When it became apparent last week that Sen. Jesse Helms (R-N.C.) would soon be chairman of the Senate Agriculture Committee, the sensitive livestock futures market dipped inexplicably.

Some analysts, maybe jesting, maybe not, suggested Helms was the cause. The reasoning: meat demand would fall if he were able to cut back the food stamp program as much as he has threatened to.

Traders may be hyper-reactive to these things, but there is no mistaking Helms' feelings. His rise to the chairmanship in January will mean the $11.8 billion food stamp program is in for some tough sledding.

The program, administered by the Department of Agriculture and overseen by the committee, will be up for renewal next year. Helms already is eyeing the possibility of cutting it in half.

Speaking for Helms, his chief farm adviser, George Dunlop, said, "Four years ago, the food stamp budget was $5.7 billion. Part of the increase is inflation, but we feel the Carter administration has deliberately mismanaged the program to redistribute as much income as possible."

He added, "We need to see what can be done to stop the massive growth and restore it to a nutrition program . . . for now we have the votes and we think we can do it."

Helms wants to reinstitute a requirement that recipients pay for part of their stamps. He supports tighter eligibility rules. He also wants to deduct a child's free school lunch from a family's stamp allotment.

As Helms and the new Republican majority take over the Senate, they will have both the forum and much of the power they need to put the brakes on the social programs that are anathema to the conservative right.

But in areas such as food stamps, for example, there is another reality. Republican forces like Sen. Bob Dole of Kansas, a leading agriculture figure, and Democrats will have to be contended with. Dole has played a role in keeping the wolves from the food stamp door.

"Helms has offered any number of amendments trying to gut the food stamp program," said Carol Tucker Foreman, the assistant secretary of agriculture who shepherds the program. "I think he'll do more as chairman."

Helms has not been available since the election to comment on directions he will take as chairman. But his record and the views of people who watch him give some pretty clear indications.

The first thing to know about Helms, 59, a former newspaper city editor and television broadcaster, is that he comes from a farm state -- a leader in tobacco, peanut, poultry and eggs, pickles, pork and wheat production.

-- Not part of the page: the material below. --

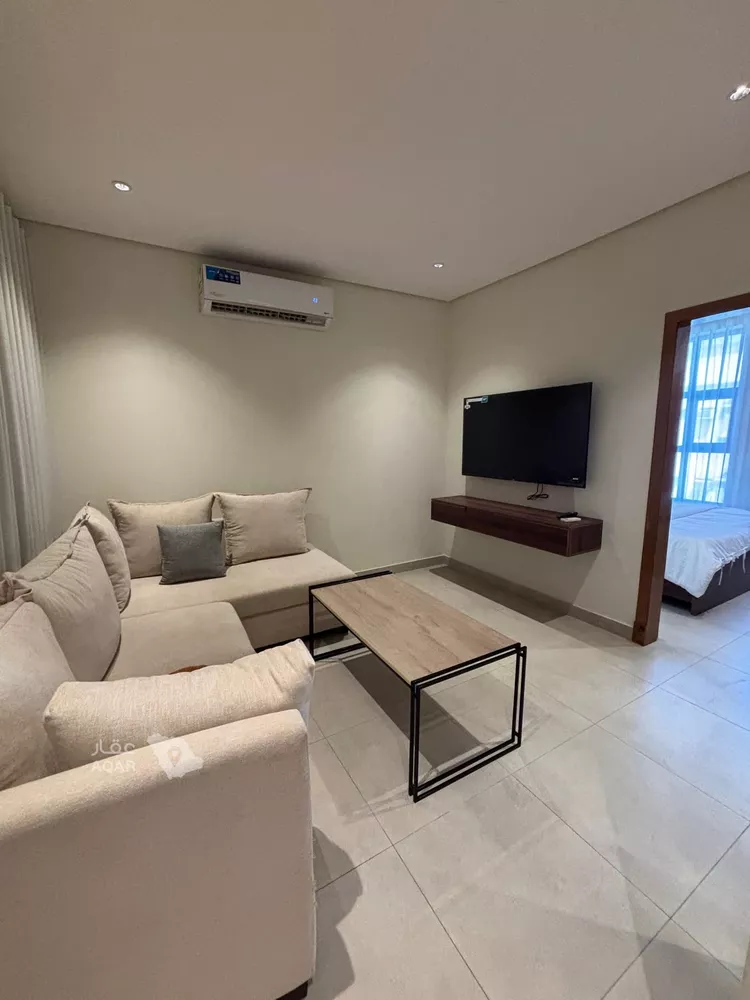 Apartment for Rent in Al Khobar Al Thoukbah 7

The second thing is that Helms is an archconservative, a darling of the New Right who regularly rails at big government, bureaucracy and federal giveaways.

Yet, since his election in 1972, he has gone right along with the federal support programs that his farm constitutents like and need. He wants to be tough with the Soviet Union, but, like President-elect Reagan, he opposes the Carter administration's grain embargo against the Russians.

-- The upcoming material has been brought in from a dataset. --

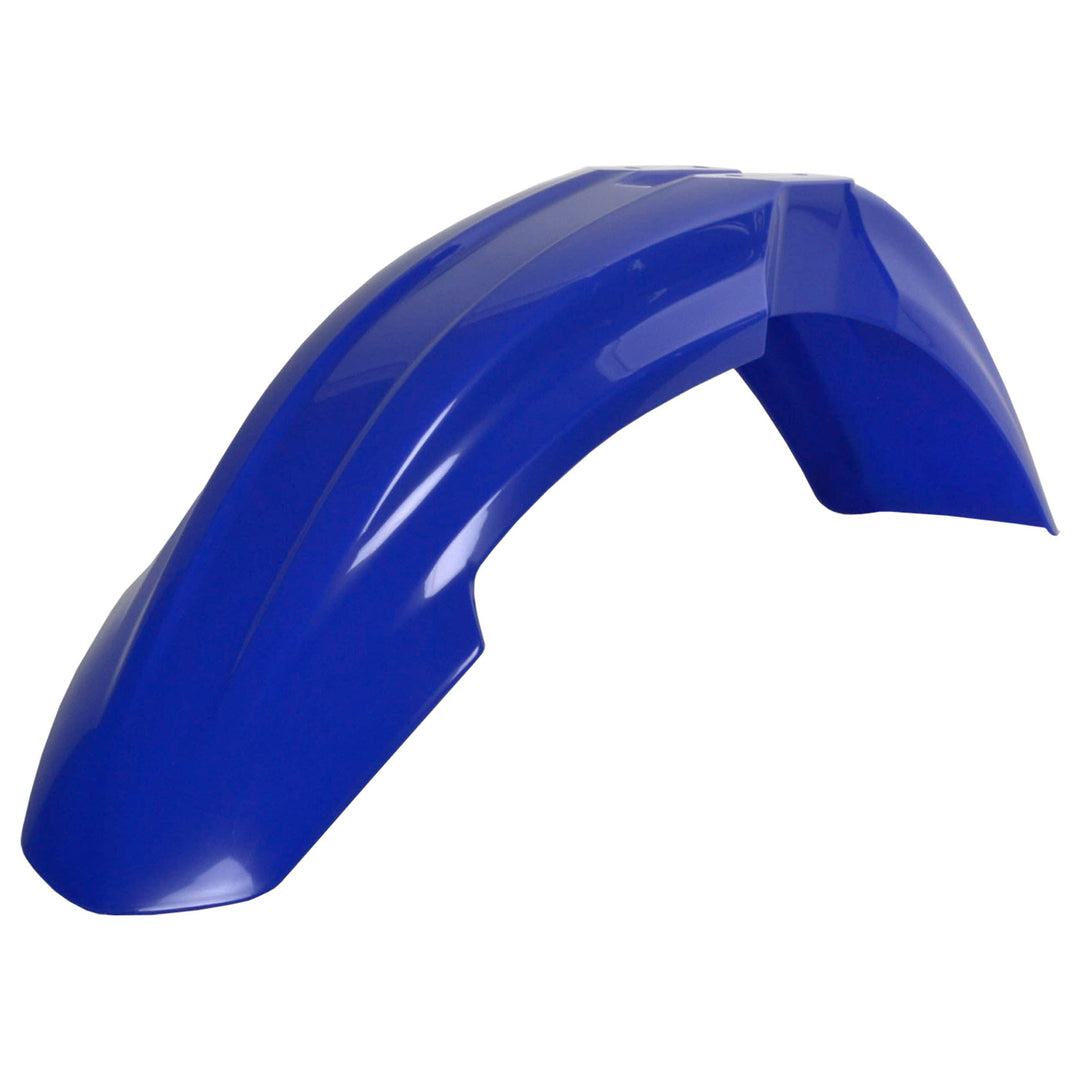 guarda-lamas-frente-yamaha-yz-wr-125-250-250f-450f-2006-2014-8551300002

On the Agriculture Committee, that is par for the course. When it comes to standing up for the farmer, committee liberals and conservatives close ranks and usually act as one.

Helms will take charge of that kind of committee in January. One of its early tasks will be extension of the basic farm commodity legislation, a delicate mix of price supports, reserves, set-asides and crop and disaster insurance, all aimed at shoring up U.S. agriculture.

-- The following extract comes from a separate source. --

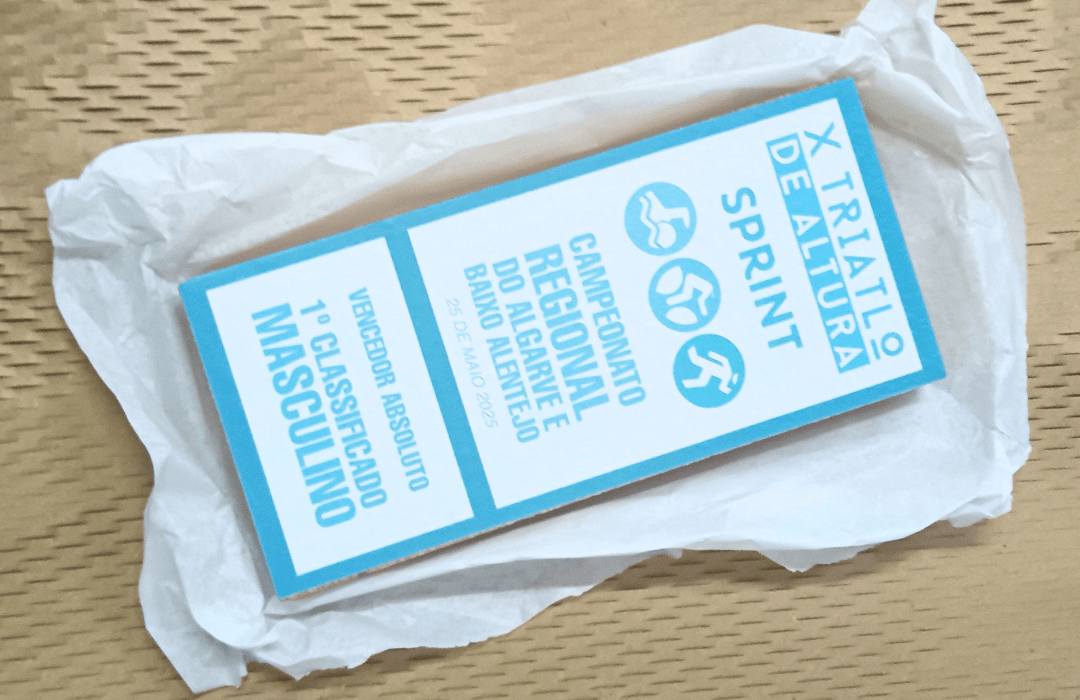 Entregas seguras com a TRIBUTUS embalagem e logística (1)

"That is consensus legislation," said Dunlop, who is likely to become chief of the committee staff and who is part of the Reagan transition task force on agriculture.

"We don't see a lot of change coming in that law," he said, "but we feel there will be an increased emphasis by Congress on farm export growth. Congress was cranking up to do that anyway.

"We support diversity -- large, medium and small farms -- and we want to get the committee looking at some other issues, such as forestry, federal lands, soil and water conservation."

Generally, however, conservative Helms is viewed warmly by the big agribusiness firms and large-scale farmers; coolly, by the smaller farm groups, such as the National Farmers Union, which found him voting "right" on only four of 34 key legislative issues in the 96th Congress.

If slogans and catch phrases mean anything, try this. Jesse Helms gathered fame as a broadcaster in North Carlina, billed as "The Voice of Free Enterprise."